Le RMI (Revenu minimum d’insertion), va être transformé en RMA (Revenu minimum d’activité). Les Rmistes devront travailler 20 heures par semaine pour un revenu équivalent à la moitié du SMIC. Cela, bien que deux fois 20 heures font 40 heures, et non pas 35. Ils toucheront donc par mois 62 euros de plus que le RMI, avec à leur charge les transports et tous les frais afférant à l’emploi. Ces 62 euros, et seulement cela, seront versés par le patron. Le reste étant à la charge des collectivités (Conseil général ou assemblée unique). Il est donc prévisible que les patrons cesseront d’embaucher, voire licencieront, des employés en CDD, pour privilégier ce système qui est taillé pour eux sur mesure.
Après les retraites et l’emploi, le gouvernement s’attaque à la Sécurité Sociale. Le ministre Mattéi a présenté un projet de loi sur la Santé publique, et annonce une « réforme » de la Sécurité sociale. Après la « réforme » des retraites, on peut s’attendre au pire. Déjà, durant le week end de Pâques, une liste de 617 médicaments ont vu leur remboursement passer de 65 à 35%. Il faut donc s’attendre à ce que de plus en plus de médicaments et de soins soient moins ou plus du tout remboursés. Les assurances privées prendront donc le pas sur la Sécu, avec une conséquence dramatique : ceux qui ne peuvent pas les payer ne pourront plus se soigner.
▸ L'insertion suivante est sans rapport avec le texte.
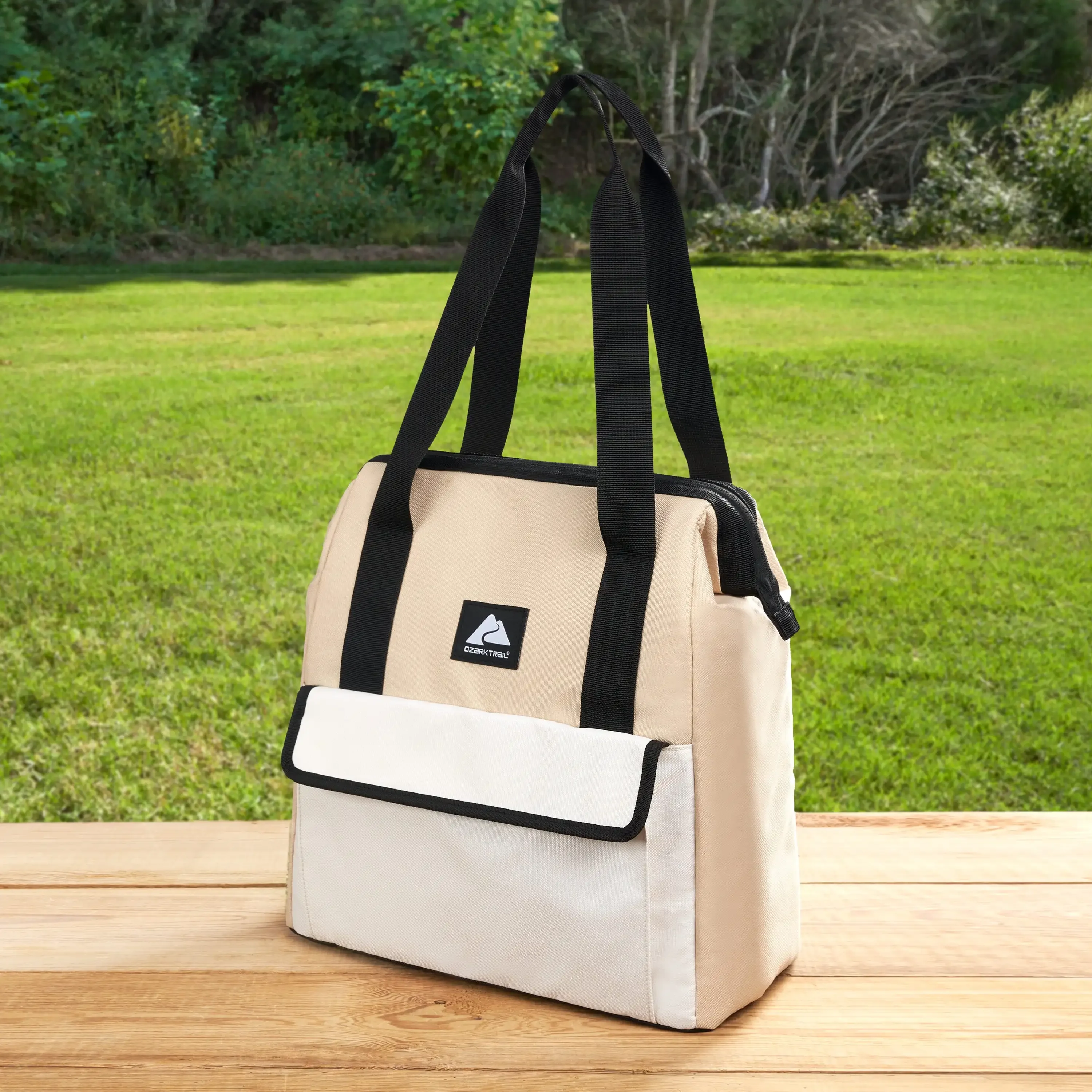 24캔 와이드 입 소프트 쿨러 토트, 황갈색, 16.9쿼트 용량, 캠핑 쿨러, 쿨러 박스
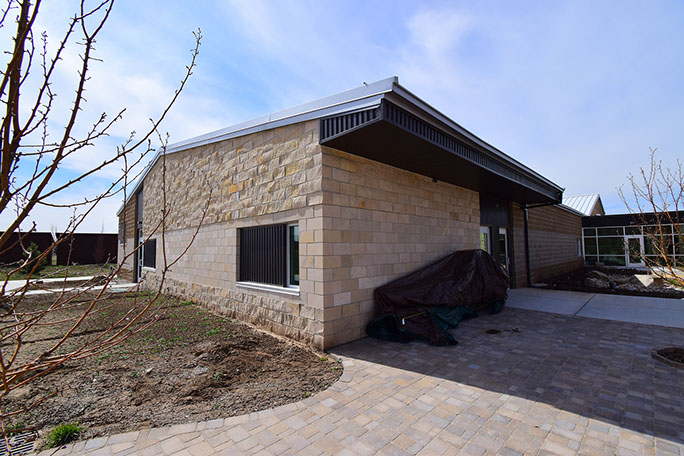 Utah State Univerisity Kaysville Campus steel framing under construction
Il s’agit donc bien d’une offensive générale et dévastatrice menée contre le monde du travail, par un gouvernement qui est entièrement à la solde du patronat. Contre cela, les travailleurs n’ont qu’une parade : la lutte. Une lutte d’ensemble suffisamment puissante pour faire craindre aux patrons de perdre plus qu’ils n’auraient gagné en ne cédant pas.